Monday, January 27, 2014

'Risk-Off' Hits Emerging Market Currencies

Currency markets are bracing for another stressful week. Emerging markets have been under pressure after Argentina devalued its currency on January 23. Emerging market currencies, especially those with current account deficits,
are expected to remain under pressure ahead of a second Federal Reserve taper expected at this week’s policy meeting on January 29. This will also be the last meeting of Fed Chairman Ben Bernanke whose term ends on January 31. He will be succeeded by his deputy, Janet Yellen, who will assume the chair on February 1. Bernanke’s last day also marks the start of the Lunar New Year in Asia.
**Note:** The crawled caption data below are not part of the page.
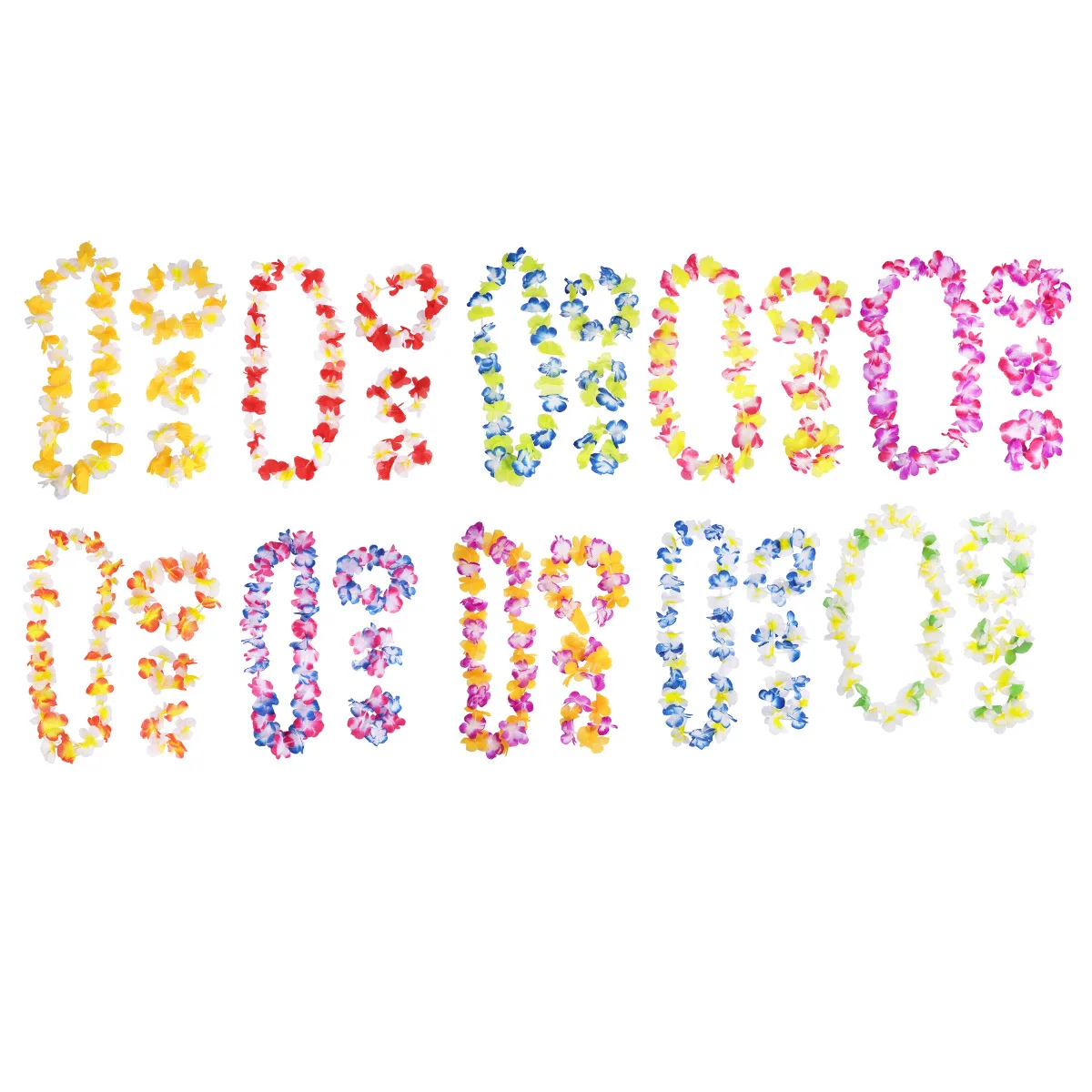 

10Set Colorful Dual-Color Hawaii Wreath Kit Artificial Flowers for Beach Birthday Party Favor Neck Headband Wrist Decor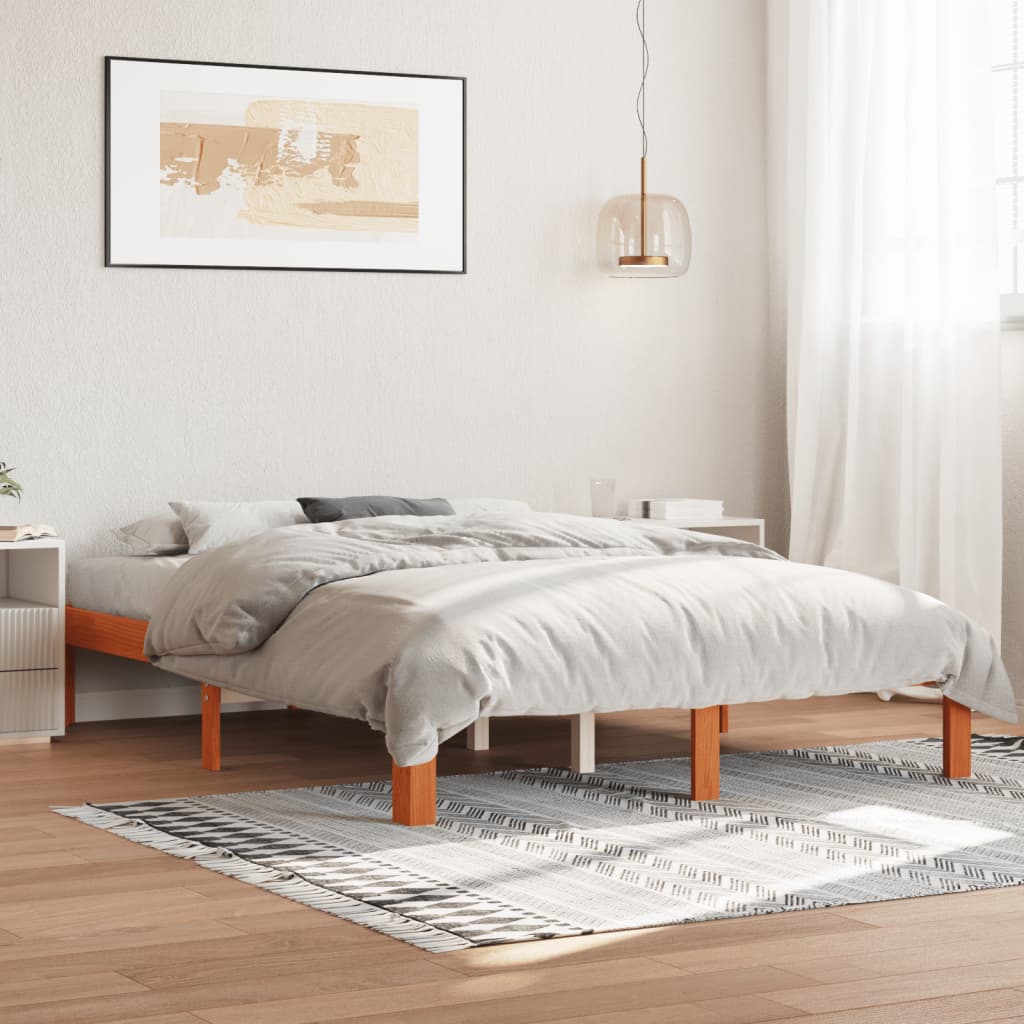 Letto senza Materasso Marrone Cera 120x190 cm in Legno di Pino - homemem39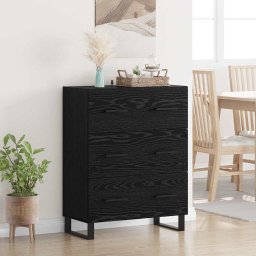 Bufet Stejar Negru 69,5 x 34 x 90 cm Lemn Ingineresc si Fier GartenMobel Dekor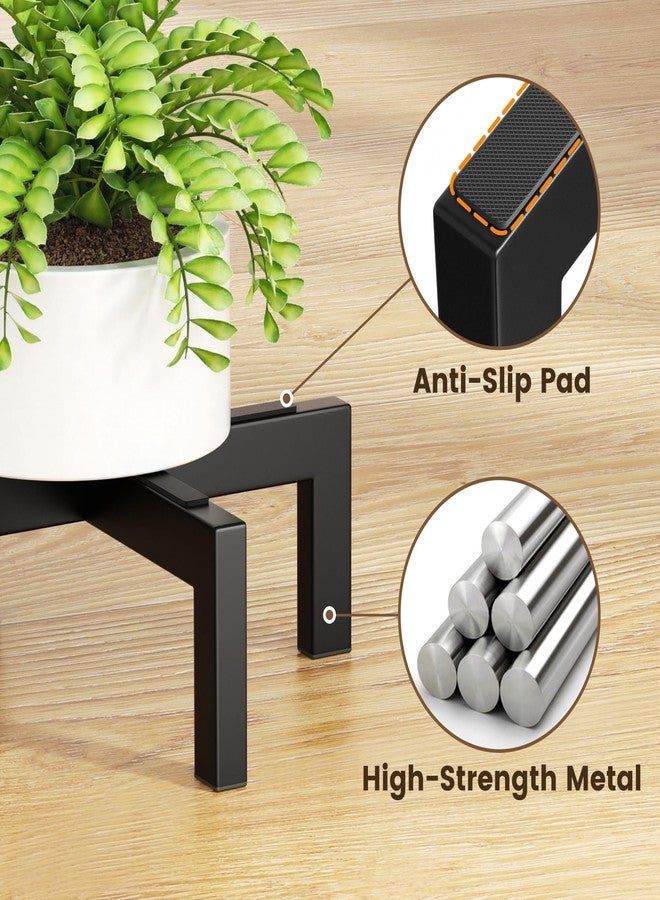 bussdis Plant Stand Holder Single Plant Riser For Indoor Outdoor Flower Pot Stand Tall 3.6 IN Metal Black - Image 4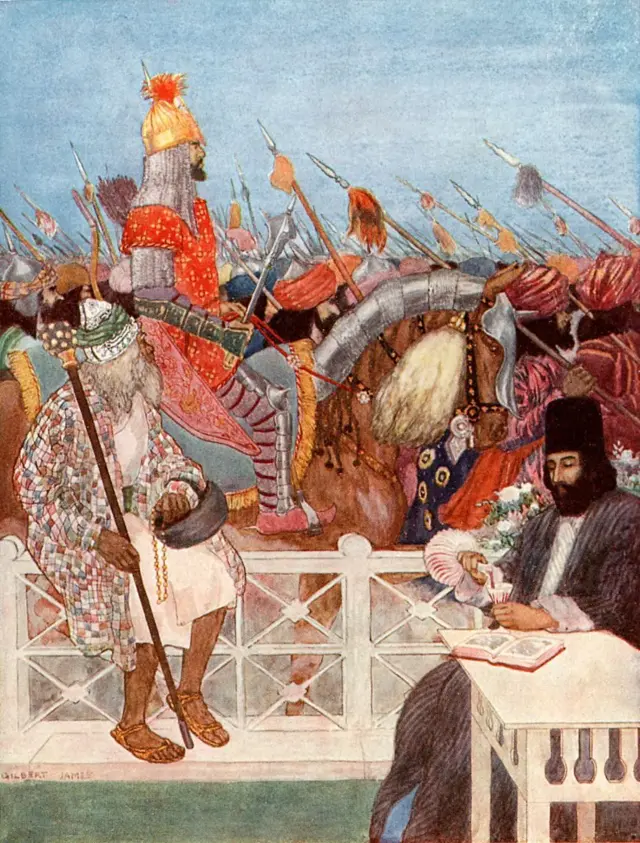 رسمة لعمر الخيام من قبل الرسام غيلبرت جيمس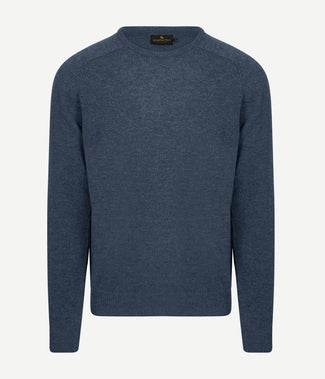 Steppin' Out trui lamswol mid blauw | Regular-fit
While this was deemed an “anything but BRICS” markets, there was no denying that the sell-off was not limited to emerging markets. Developed markets were not spared either. Although the fall in US stocks was similar to the first Fed taper last month, there were several things that suggested more risk aversion this time around. For example, the VIX volatility index surged strongly to 18.14 last week, well above the previous 16.75 high seen at the Fed policy meeting on December 18.
In contrast to last month’s meeting, the US ten-year bond yield is falling (not rising) into this week’s Fed meeting. In currency markets, there was a flight to safety into the Japanese yen and the Swiss franc.